Seperti yang dilakukan oleh Direktorat Jenderal Penyelenggaraan Haji dan Umrah (PHU) Kementerian Agama (Kemenag) yang meminta penggunaan produk lokal dalam sajian makanan kepada jamaah haji. Hal itu disampaikan kepada dua maskapai yang mengangkut jamaah haji, Garuda Airlines dan Saudi Arabia Airlines.
Senada dengan hal itu, Direktur Jenderal (Dirjen) PHU Hilman Latief saat melakukan Rapat Koordinasi Persiapan Bandara Embarkasi di Ruang Sidang Ditjen PHU Kantor Kemenag, beberapa waktu lalu mengatakan :
“Intinya, saya ingin mitra kita menggunakan produk Indonesia dalam rangka mendorong ekosistem ekonomi haji,” kata Hilman pada Ahad (15/5/2022).
Sebelumnya, ia juga menekankan pentingnya menggunakan produk lokal pada bahan makanan yang disajikan maskapai, saat jamaah haji dalam perjalanan menuju ke Tanah Suci.
Didampingi Direktur Pelayanan Haji Dalam Negeri Saiful Mujab serta Kepala Kanwil Kemenag DKI Jakarta Cecep Khairul Anwar, Hilman sempat melihat-lihat dan mencicipi contoh makanan (meal test) yang nantinya akan disajikan kepada jamaah di dalam pesawat.
“Kami akan terus mendorong produk lokal untuk kebutuhan makanan jemaah haji,” tandasnya.

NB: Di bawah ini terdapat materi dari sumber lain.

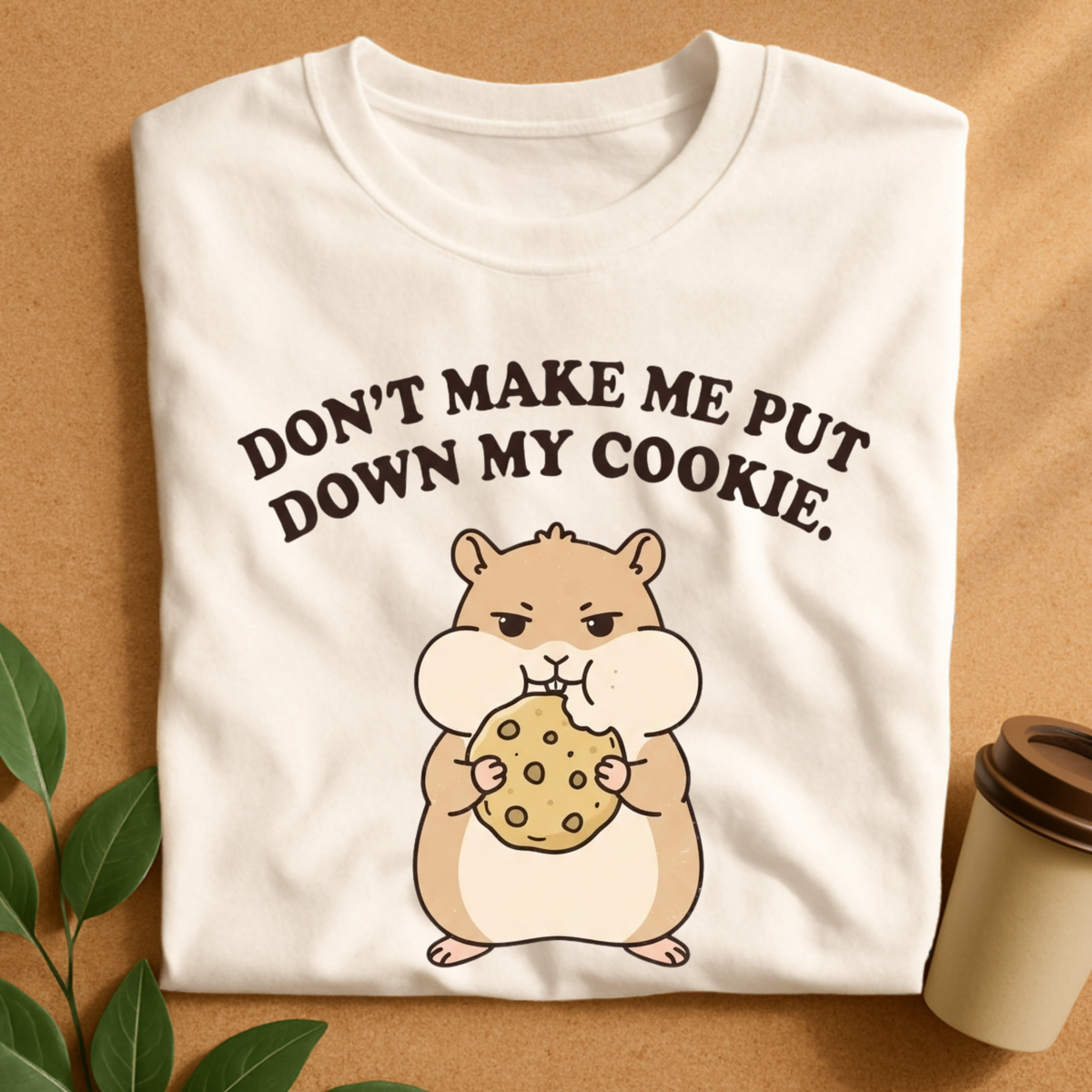Don’t Make Me Put Down My Cookie Hamster T-Shirt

Lebih lanjut Dirjen PHU itu kemudian juga menjelaskan bagaimana penyelenggaraan haji dan ibadah umrah di Indonesia dapat berkontribusi dalam penguatan ekonomi masyarakat.
“Pada kondisi normal setiap tahunnya, ada kisaran 230 ribu jamaah yang berangkat. Kemudian, ada 17 juta porsi makan, 100 ribu kamar yang dipakai, selama 40 hari, dengan dana sekitar 16-17 triliun, dan ini semua baru pada haji-nya saja,” urai Hilman Latief
Data ini diyakini Hilman akan sangat berdampak pada penguatan ekonomi masyarakat, terutama bagi para pengusaha yang bergerak di sektor Usaha Mikro, Kecil, dan Menengah (UMKM).
Dengan dana 17 triliun tersebut, ia mengajak setiap pihak untuk memikirkan dampaknya bagi masyarakat Indonesia, termasuk bagi UMKM dan pengusaha Indonesia.
“Misalkan saja, jika pengusaha atau UMKM kita dari sektor pertanian bisa melayani konsumsi 17 juta porsi jemaah, berapa banyak petani yang bisa ekspor-impor di situ,” tegasnya.